イベントの雰囲気を左右する重要な要素のひとつが音響演出です。スピーカーやマイクなどの機材選定だけでなく、音楽の使い方や演出のタイミングなど、会場の特性やイベントの目的に応じた音響設計が求められます。例えば、ライブイベントでは迫力のあるサウンド、ビジネスカンファレンスでは明瞭な音声が求められるなど、音響の方向性もイベントによって異なります。

また、当日の音響オペレーションも重要です。音楽や効果音のタイミング、スピーチやパフォーマンス中の音量調整など、リアルタイムで調整することによって、来場者の没入感や体験価値を損なわないようにすることが求められます。

照明演出

照明演出は、イベントの雰囲気をつくり、来場者の視線を誘導する役割を担います。スポットライトをはじめ、動きや色の変化を加えられるムービングライト、広範囲を照らすウォッシュライトなど、さまざまな照明が用いられます。

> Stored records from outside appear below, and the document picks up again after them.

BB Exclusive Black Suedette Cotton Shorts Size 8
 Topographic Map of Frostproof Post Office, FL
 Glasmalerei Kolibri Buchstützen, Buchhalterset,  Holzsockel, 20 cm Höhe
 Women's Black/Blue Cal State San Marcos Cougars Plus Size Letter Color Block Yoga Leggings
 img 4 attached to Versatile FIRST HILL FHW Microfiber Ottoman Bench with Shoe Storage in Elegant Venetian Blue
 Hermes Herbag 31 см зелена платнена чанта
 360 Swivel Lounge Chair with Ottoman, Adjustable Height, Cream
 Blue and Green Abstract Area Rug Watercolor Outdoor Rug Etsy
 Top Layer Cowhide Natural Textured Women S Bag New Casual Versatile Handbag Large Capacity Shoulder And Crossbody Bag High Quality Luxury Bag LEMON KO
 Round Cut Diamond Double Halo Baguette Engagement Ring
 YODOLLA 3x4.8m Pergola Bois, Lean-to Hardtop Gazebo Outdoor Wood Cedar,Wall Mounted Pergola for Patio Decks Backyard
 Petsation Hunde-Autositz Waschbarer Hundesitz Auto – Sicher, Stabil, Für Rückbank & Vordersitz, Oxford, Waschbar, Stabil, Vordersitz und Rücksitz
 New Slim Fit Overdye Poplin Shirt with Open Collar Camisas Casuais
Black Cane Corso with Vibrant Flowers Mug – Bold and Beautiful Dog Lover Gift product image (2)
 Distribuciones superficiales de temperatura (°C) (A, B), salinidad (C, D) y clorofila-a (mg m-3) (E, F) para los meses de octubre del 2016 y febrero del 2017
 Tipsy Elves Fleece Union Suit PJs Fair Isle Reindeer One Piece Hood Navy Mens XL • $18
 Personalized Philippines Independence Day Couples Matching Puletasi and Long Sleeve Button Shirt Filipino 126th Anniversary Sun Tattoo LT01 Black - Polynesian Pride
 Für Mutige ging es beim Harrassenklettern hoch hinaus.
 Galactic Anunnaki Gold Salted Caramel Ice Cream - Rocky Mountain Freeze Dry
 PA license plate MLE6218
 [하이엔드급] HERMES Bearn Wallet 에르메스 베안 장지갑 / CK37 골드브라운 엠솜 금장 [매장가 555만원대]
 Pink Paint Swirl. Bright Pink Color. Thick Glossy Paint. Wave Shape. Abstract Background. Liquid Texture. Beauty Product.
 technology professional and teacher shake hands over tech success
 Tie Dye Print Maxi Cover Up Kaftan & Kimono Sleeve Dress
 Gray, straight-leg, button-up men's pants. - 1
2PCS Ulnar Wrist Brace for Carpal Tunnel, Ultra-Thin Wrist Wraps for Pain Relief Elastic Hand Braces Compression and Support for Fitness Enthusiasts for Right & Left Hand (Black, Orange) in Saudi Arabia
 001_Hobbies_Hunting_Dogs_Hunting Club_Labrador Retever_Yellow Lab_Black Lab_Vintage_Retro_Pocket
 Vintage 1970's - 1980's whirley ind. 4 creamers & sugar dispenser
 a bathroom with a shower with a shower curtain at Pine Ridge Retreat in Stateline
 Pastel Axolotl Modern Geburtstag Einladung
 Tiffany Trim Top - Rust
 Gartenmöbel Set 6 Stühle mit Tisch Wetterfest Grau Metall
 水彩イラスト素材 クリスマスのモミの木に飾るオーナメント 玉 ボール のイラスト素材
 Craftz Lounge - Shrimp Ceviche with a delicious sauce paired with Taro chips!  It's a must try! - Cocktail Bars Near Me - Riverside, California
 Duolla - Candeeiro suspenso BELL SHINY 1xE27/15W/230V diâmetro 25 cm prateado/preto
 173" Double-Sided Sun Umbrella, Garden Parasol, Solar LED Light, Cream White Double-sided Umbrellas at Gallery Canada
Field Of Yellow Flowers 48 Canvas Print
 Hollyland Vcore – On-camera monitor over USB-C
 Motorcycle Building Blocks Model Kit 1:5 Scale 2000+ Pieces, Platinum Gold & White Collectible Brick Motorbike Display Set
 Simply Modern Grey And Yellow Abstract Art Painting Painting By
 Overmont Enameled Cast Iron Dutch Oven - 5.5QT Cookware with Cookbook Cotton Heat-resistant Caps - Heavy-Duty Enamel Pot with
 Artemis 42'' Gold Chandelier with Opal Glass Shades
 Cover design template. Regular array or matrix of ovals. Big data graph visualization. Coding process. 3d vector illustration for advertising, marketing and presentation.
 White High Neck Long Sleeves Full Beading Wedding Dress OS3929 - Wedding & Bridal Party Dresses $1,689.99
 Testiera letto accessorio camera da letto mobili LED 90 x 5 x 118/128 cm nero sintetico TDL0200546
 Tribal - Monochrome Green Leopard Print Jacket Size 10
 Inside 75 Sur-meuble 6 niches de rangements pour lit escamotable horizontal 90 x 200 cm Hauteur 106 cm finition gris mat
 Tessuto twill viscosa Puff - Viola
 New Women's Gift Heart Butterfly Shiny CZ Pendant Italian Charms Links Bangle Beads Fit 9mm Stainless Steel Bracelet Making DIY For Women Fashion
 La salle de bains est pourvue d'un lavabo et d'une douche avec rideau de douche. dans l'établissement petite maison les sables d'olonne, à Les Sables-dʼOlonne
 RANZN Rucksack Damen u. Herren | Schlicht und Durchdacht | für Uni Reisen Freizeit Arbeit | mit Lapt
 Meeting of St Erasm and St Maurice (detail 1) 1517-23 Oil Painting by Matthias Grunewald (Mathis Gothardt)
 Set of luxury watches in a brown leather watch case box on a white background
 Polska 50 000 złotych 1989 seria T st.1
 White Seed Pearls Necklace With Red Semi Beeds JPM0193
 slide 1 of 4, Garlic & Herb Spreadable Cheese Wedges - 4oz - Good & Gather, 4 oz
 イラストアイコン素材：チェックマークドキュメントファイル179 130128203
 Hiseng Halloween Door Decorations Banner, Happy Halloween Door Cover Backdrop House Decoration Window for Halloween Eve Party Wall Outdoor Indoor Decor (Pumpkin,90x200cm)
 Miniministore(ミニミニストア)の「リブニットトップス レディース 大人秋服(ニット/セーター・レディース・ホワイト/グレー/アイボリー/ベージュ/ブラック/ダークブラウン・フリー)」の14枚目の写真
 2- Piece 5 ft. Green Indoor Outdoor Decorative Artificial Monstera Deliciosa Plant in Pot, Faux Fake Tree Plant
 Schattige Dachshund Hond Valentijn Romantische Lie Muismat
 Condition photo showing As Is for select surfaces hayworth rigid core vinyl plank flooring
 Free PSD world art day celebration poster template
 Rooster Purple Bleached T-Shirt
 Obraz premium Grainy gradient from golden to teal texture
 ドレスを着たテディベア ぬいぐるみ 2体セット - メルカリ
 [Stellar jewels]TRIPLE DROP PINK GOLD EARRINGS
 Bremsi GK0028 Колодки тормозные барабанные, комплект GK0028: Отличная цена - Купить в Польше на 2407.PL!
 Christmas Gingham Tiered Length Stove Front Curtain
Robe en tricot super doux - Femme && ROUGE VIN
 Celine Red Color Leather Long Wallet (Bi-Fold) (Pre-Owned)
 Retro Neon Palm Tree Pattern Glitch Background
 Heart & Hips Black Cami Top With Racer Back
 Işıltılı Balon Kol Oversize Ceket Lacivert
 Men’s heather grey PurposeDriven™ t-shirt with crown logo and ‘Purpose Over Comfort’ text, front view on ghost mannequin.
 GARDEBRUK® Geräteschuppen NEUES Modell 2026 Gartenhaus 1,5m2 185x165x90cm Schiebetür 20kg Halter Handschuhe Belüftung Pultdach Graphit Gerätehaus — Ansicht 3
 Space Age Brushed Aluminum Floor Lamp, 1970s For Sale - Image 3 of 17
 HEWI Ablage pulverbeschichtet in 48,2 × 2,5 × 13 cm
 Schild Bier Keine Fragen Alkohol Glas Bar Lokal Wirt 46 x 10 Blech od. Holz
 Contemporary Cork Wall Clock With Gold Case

照明の配置やタイミングを調整することで、出演者の存在感を高めたり、会場の空気感を変えたりと、イベントの印象を大きく左右します。ステージ演出では、音楽や映像と連動させた照明効果も取り入れられ、視覚的な没入感を高める要素として活用されます。

特殊効果

特殊効果は、視覚的・体感的な演出を加えることで、イベントをより印象的なものにする役割を担います。例えば、炎・光・水・風といった自然要素を模した演出や、プロジェクションマッピングを活用した映像効果などが含まれます。他にも、照明を際立たせて幻想的な雰囲気を生み出す「スモーク」や、緻密な光の動きで未来的な空間を作り出す「レーザー演出」、クライマックスを盛り上げる「花火」など、さまざまな特殊効果が用いられます。

これらの効果は単体で使われるだけでなく、照明や音響と組み合わせることで、より迫力のある演出になります。

映像演出

映像演出は、視覚的な要素を活用してイベントのメッセージを強調し、会場の雰囲気を盛り上げる役割を担います。ステージ演出や商品のプロモーションなど、さまざまなシーンで活用され、イベントの没入感を高めます。

具体的な手法としては、スクリーン投影やLEDビジョンを活用した映像上映などがあります。スクリーン投影は、講演やセミナーでのスライド表示や映像紹介に適しており、見やすさを考慮した機材の選定や配置が求められます。一方、LEDビジョンは高輝度・高解像度の映像表現が可能で、大規模イベントや屋外会場でも鮮明に映すことができます。

映像演出を最大限に活かすためには、コンテンツの企画から機材の選定、環境に適した投影方法の検討まで、一連の調整をおこなうことが求められます。

ライブ配信

ライブ配信は、現地参加が難しい視聴者にもイベントを届ける手段として活用されます。企業セミナーやカンファレンスでは、遠隔地の参加者にもリアルタイムで情報を共有でき、音楽ライブやスポーツイベントでは、会場の熱気を伝えることが可能になります。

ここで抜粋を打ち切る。